The trend toward tax-deferred accounts also represents a fundamental shift in responsibility from employers to employees. Not only must employees make the choice to participate when a deferred compensation plan is available, but they must also select the amount to invest, along with the specific investment vehicle, such as a mutual fund. One-quarter of eligible workers do not participate in employer-sponsored plans.
“Employees are forced to navigate a complicated path to retirement,” said Alicia Munnell the Director of the Center for Retirement Research at Boston College and lead author of the report. “Not surprisingly, they make mistakes and poor choices at every step of the way, and that means fewer dollars and less security in retirement.”

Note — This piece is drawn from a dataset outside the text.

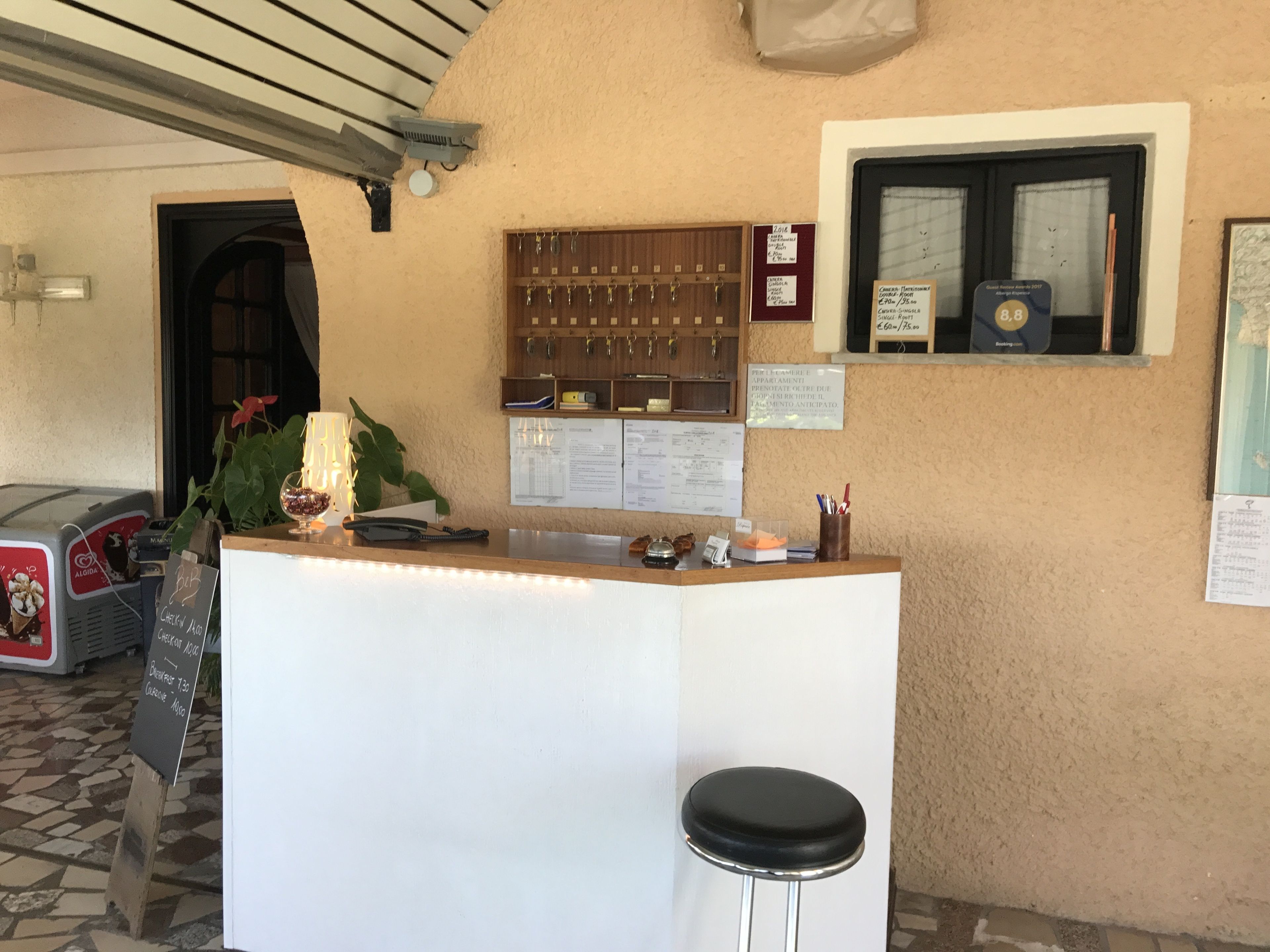A reception area with a counter, a phone, a menu board, and a window with a view.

One segment of the population at a particular disadvantage is older women, who tend to live longer and have low lifetime earnings compared to men. Since retirement income is based on work history, many women – who have fewer years in the workforce – are less likely to have adequate savings. In Massachusetts, 10,312 single women over 65 (28%) are poor or near poor.

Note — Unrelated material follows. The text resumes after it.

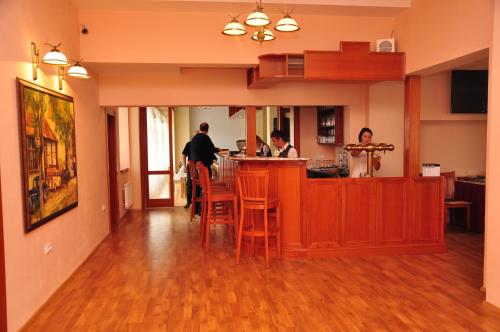 two men standing at a counter in a kitchen at Hotel Rudka in Kunštát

The fact that older workers will have to stay on the job longer presents challenges and opportunities for the Massachusetts labor market, according to the study. While the number of older Bay Staters is projected to increase during the coming years, the number of prime age workers is projected to decline from 2,863,136 today to 2,599,192 in 2025, leaving a potential labor shortage in Massachusetts between 2010 and 2025. Traditional sources of labor, such as immigrants, women, and domestic migrants, are already tapped to their practical limits. Older workers looking to make up for retirement income shortfalls could fill this gap.

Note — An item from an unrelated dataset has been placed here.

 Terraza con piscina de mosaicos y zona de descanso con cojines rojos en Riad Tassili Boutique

On the positive side, the study finds that Massachusetts residents may be better positioned to take on employment in their later years. Compared with their national peers, Bay State residents approaching retirement are healthier, better educated, and employed in jobs less physically demanding. One important disadvantage is homeownership, the primary asset for most families. Slightly less than 76% of Massachusetts households between the ages of 55 and 64 own their homes compared to 80% nationwide. The gap widens to 10 percentage points for household heads over age 65 (78% vs. 69%).
“These findings are a wake up call for Massachusetts. All of us need to do a better job educating families about the new rules of retirement and preparing our communities for the state’s aging population,” said Peter Meade, Executive Vice President of Blue Cross Blue Shield of Massachusetts. “Blue Cross Blue Shield of Massachusetts is proud to work with MassINC to begin this important conversation.”
The Graying of Massachusetts offers recommendations for meeting the challenges outlined by the data:
- Increase access to retirement savings accounts for full-time workers by utilizing the purchasing power of business associations and Massachusetts state government’s own 457 plan;
- Increase employee participation in existing retirement plans through improved workplace-based financial education;
- Increase awareness of workers’ low savings rate and the challenges facing communities as the Commonwealth’s population ages;
- Improve job training for older workers in anticipation of their increasingly important role in the state’s economy.
About the Center for Retirement Research at Boston College: The Center for Retirement Research at Boston College was established in 1998. The Center’s mission is to produce first-class research and forge a strong link between the academic community and decision-makers in the public and private sectors around an issue of critical importance to the nation’s future. To achieve this mission, the Center sponsors a wide variety of research projects, transmits new findings to a broad audience, trains new scholars, and broadens access to valuable data sources. Since its inception, the Center has established a reputation as an authoritative source of information on all major aspects of the retirement income debate.